Il Csm apra una pratica a tutela del gip di Caltanissetta del processo Montante, Graziella Luparello, che è stata “pesantemente attaccata” durante una seduta della Commissione Parlamentare Antimafia dal deputato Giorgio Mulè (Forza Italia), con espressioni che “oggettivamente delegittimano pericolosamente la figura di un magistrato particolarmente esposto anche in altri numerosi processi di criminalità organizzata”.
È la richiesta annunciata in apertura del plenum di Palazzo dei marescialli dal consigliere di Autonomia e Indipendenza Nino Di Matteo, che ha intanto espresso “piena e incondizionata solidarietà” alla collega.
Il processo di cui si è occupata Luparello si è concluso con la condanna dell’ex Presidente di Confindustria Sicilia Antonello Montante, a 14 anni di reclusione per associazione a delinquere finalizzata alla corruzione, “nonché di appartenenti di alto livello alle forze di Polizia ed ai servizi di sicurezza”, ha ricordato Di Matteo, richiamando che nelle motivazioni Montante viene definito “motore immobile di un meccanismo perverso di conquista e gestione occulta del potere che, sotto le insegne di una antimafia iconografica, ha sostanzialmente occupato, mediante la corruzione sistematica e le raffinate operazioni di dossieraggio, molte istituzioni regionali e nazionali”.
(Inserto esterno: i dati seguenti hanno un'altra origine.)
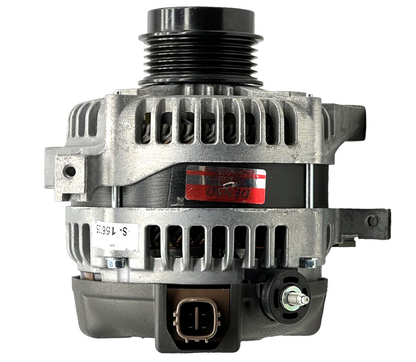 Alternator for Scion iQ 2012-2015 L4 1.3L 100 A /12V CW 5-Groove Clutch Pulley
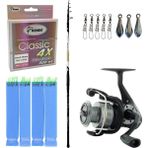Yekoutdoor Surf Olta Seti Kendo Azurro Surf 420CM 250 gr Teleskopik Olta Kamışı&okuma Revenger Rv-55 Fd Olta Makinesi - Standart - Renkli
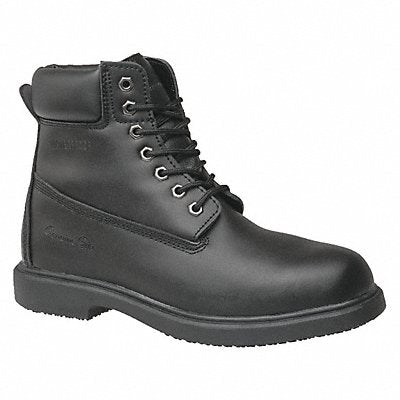 GENUINE GRIP 7605W 6-Inch Work Boot EE 5 Black PR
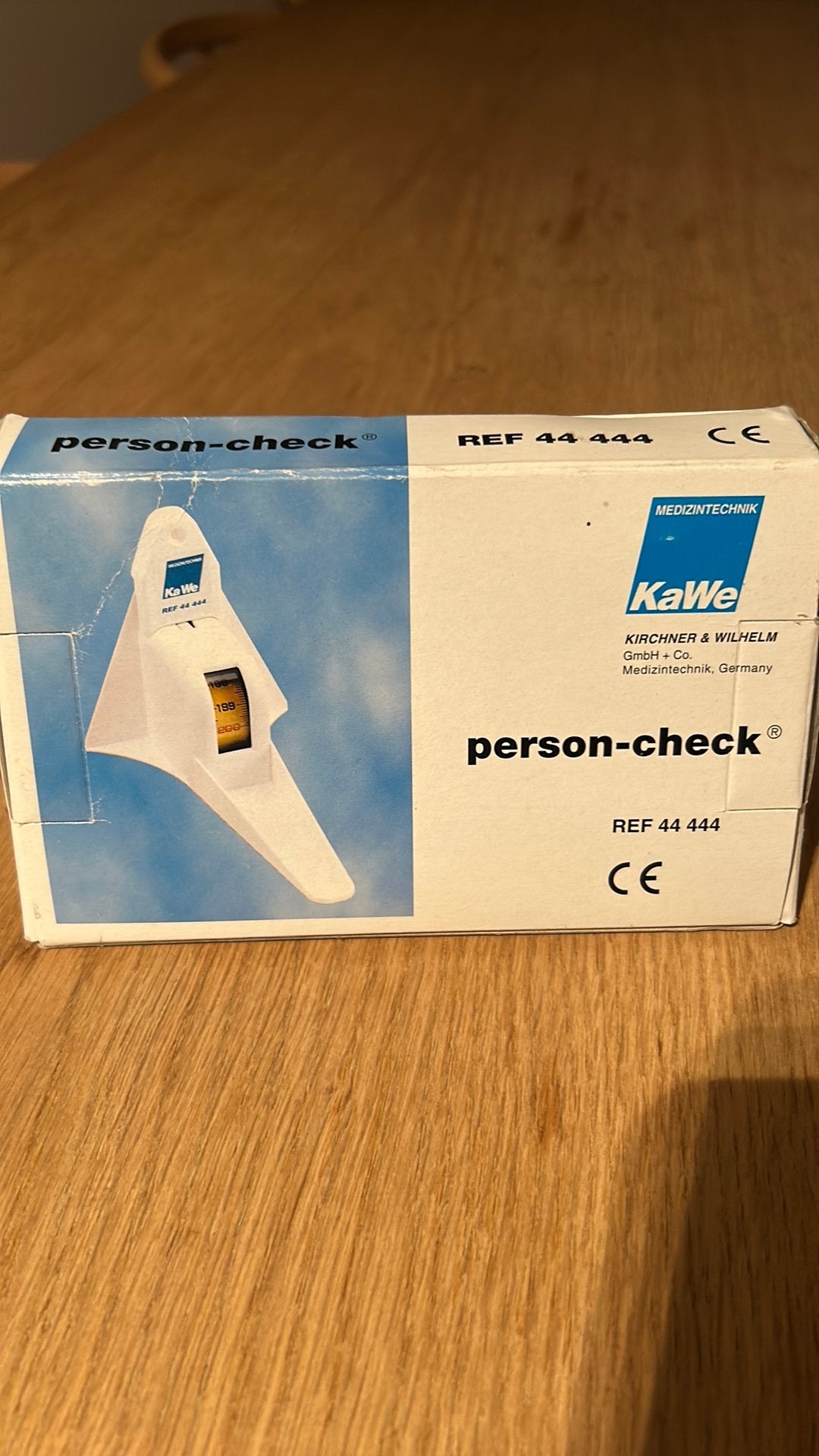 Mesure taille personne, Enlèvement, Neuf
“Il giudice – ha sottolineato ancora Di Matteo – sulla base del materiale probatorio in atti aveva doverosamente affrontato anche una vicenda relativa alla circostanza, peraltro introdotta nel processo dalla difesa dell’imputato, della mancata pubblicazione sul settimanale ‘Panorama‘ (all’epoca diretto dall’oggi onorevole Giorgio Mulè) di documentazione offerta a quella testata giornalistica da altro giornalista siciliano, afferente i rapporti tra il Montante e soggetti appartenenti alle famiglie mafiose del Nisseno”.
Quindi Di Matteo ha fatto riferimento all’audizione, dello scorso 14 novembre, in Commissione Parlamentare Antimafia di Mulè :“la dottoressa Luparello è stata definita ‘cecchino della verità e del diritto’, la sua sentenza è stata definita ‘falsa, infamante e diffamatoria, una porcheria’. Il giudice è stato accusato di aver fatto ‘strame del diritto e della ragione'”.
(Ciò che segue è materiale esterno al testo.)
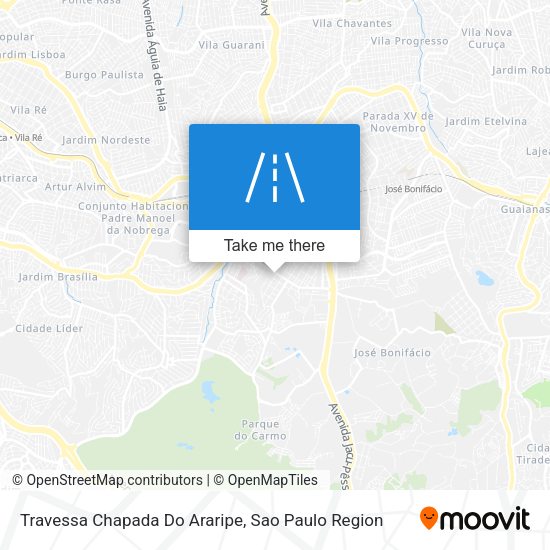 Travessa Chapada Do Araripe map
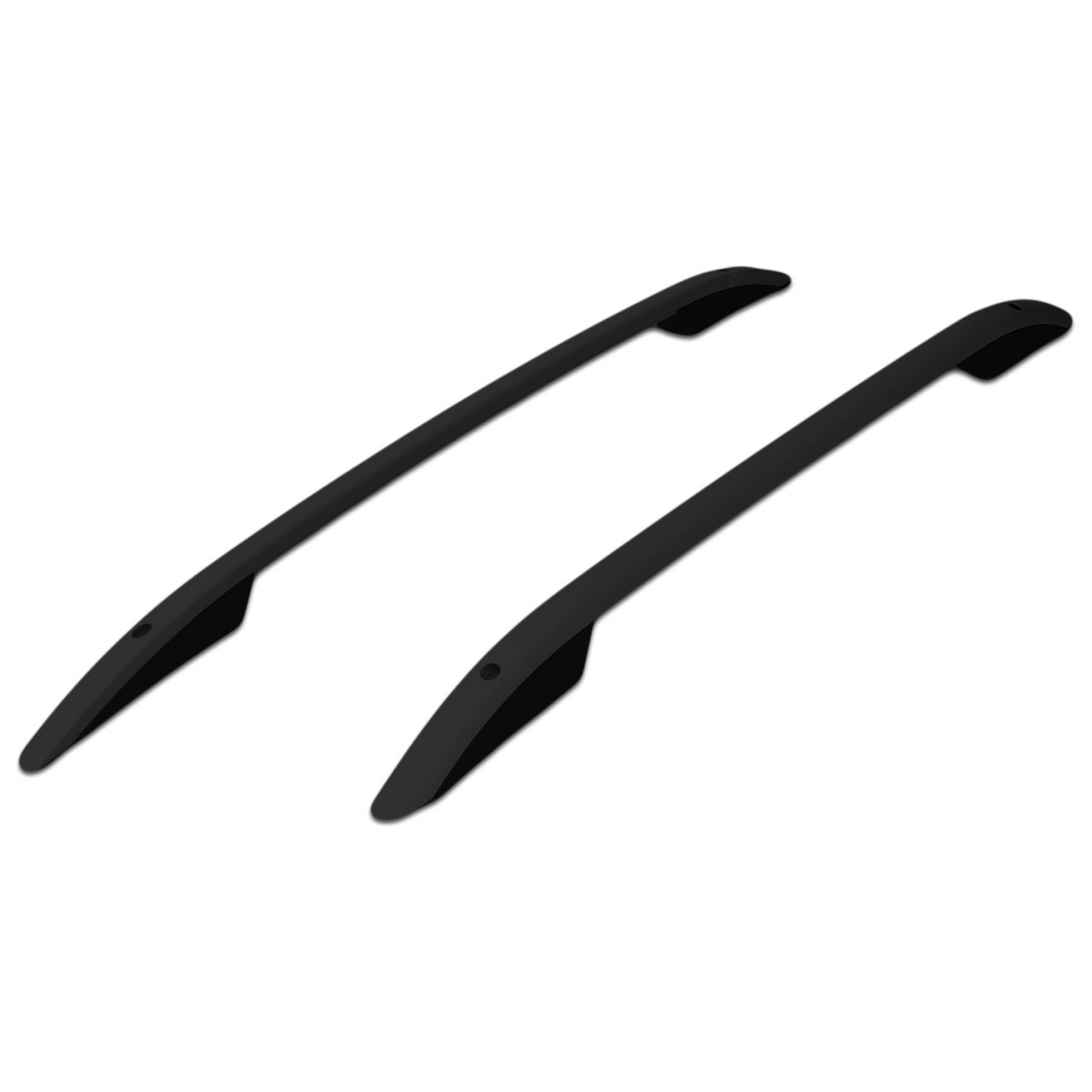 ClimAir Déflecteurs Latéraux Noirs Sur Mesure - Compatible Nissan Qashqai II 2014-2020 - Confort Et Protection Optimal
Per questo, ha concluso Di Matteo, “credo che sia in questa sede doveroso far sentire la nostra solidarietà ad una collega che, come altri colleghi in quel contesto giudiziario particolarmente difficile, ha affrontato con coraggio, impegno e professionalità, il delicatissimo tema delle deviazioni illecite dei poteri istituzionali. Per questo, mi riservo, nei prossimi giorni, di chiedere al Comitato di Presidenza l’apertura di una pratica a tutela della collega”.